* [Problem description]:
All that is wanted is the exact text of the lines below from the one with "Leaves Tropical forest" through the one with "X0000087670188200705040735", inclusive, minus any pictures.

* [Extracted material]:
----
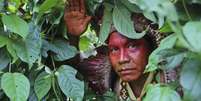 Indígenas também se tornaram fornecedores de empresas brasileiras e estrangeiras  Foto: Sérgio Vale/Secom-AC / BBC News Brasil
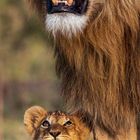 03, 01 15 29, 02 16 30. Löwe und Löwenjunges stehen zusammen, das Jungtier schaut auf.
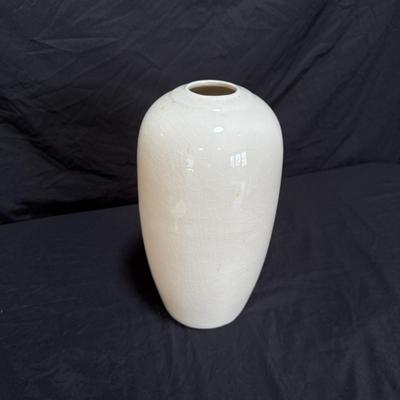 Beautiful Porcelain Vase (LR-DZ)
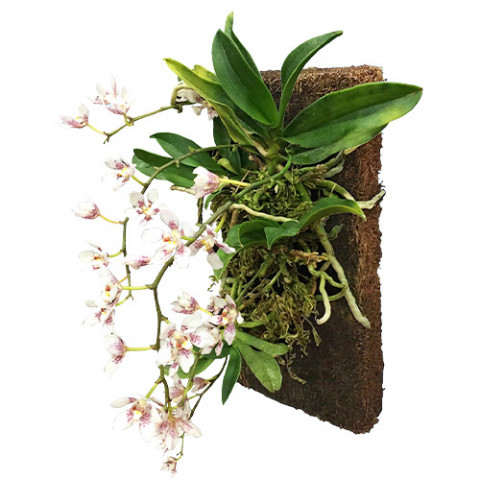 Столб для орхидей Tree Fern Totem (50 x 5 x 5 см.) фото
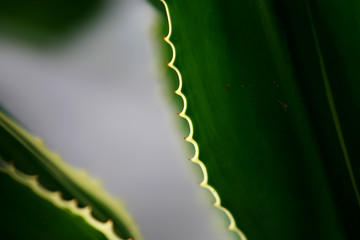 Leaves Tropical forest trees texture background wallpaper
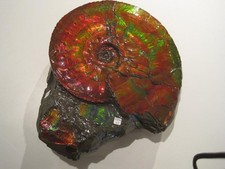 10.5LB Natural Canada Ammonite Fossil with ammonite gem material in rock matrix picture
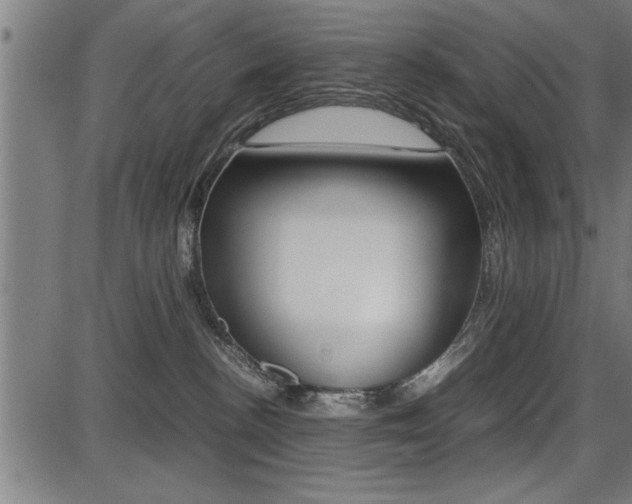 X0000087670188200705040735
----
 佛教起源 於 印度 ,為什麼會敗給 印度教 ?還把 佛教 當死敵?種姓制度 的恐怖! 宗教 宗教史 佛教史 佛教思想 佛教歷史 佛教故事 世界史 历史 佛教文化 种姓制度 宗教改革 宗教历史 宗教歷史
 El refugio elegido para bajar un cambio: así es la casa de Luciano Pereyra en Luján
----
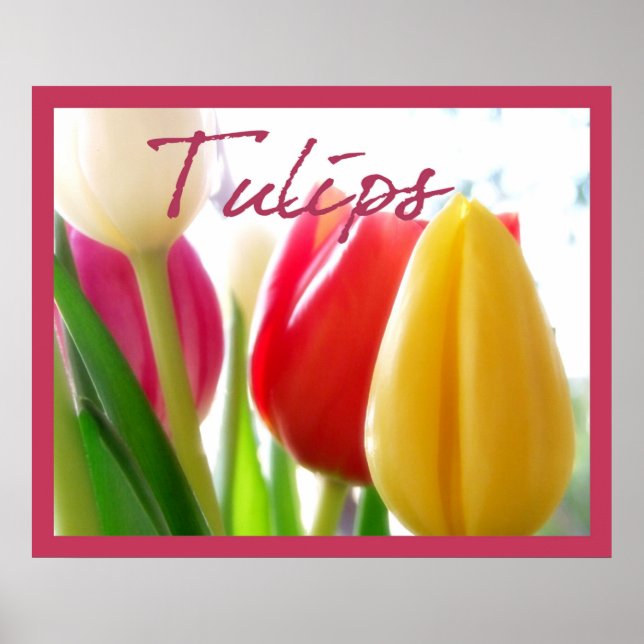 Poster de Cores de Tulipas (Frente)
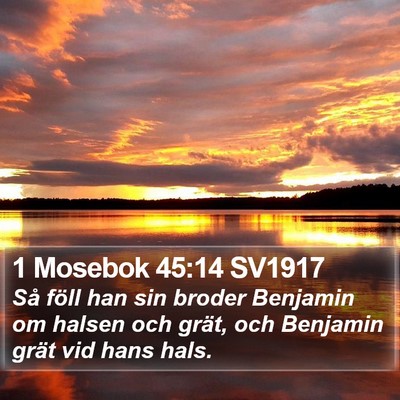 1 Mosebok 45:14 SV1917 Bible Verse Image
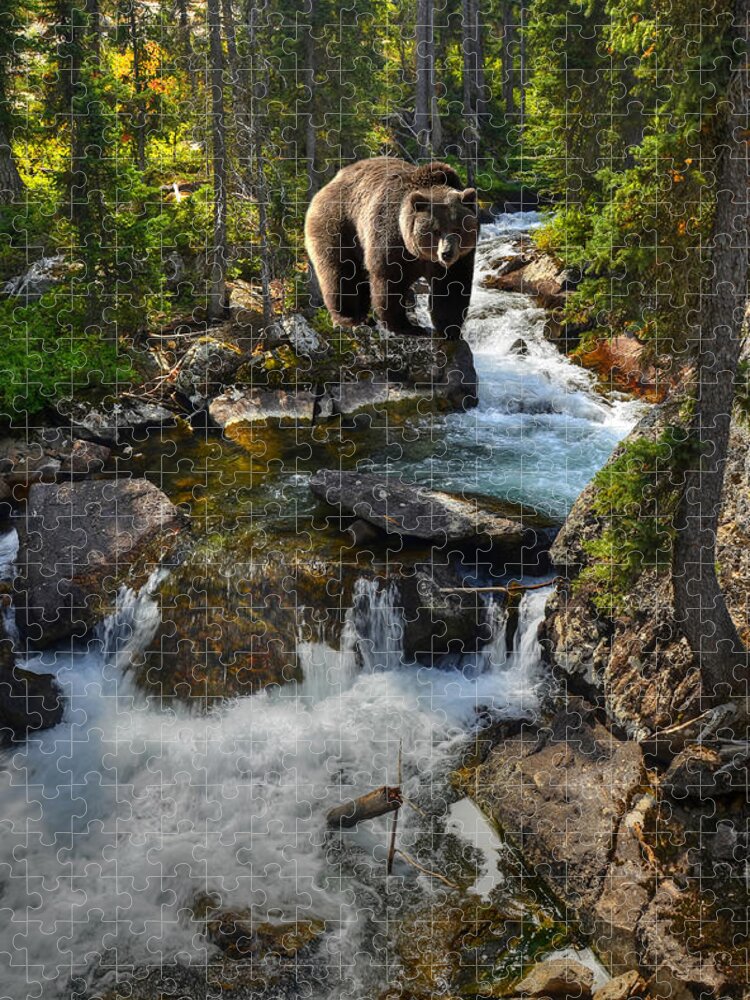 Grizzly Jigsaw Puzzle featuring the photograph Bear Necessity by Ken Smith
----
* [Your solution]:
 Leaves Tropical forest trees texture background wallpaper
 10.5LB Natural Canada Ammonite Fossil with ammonite gem material in rock matrix picture
 X0000087670188200705040735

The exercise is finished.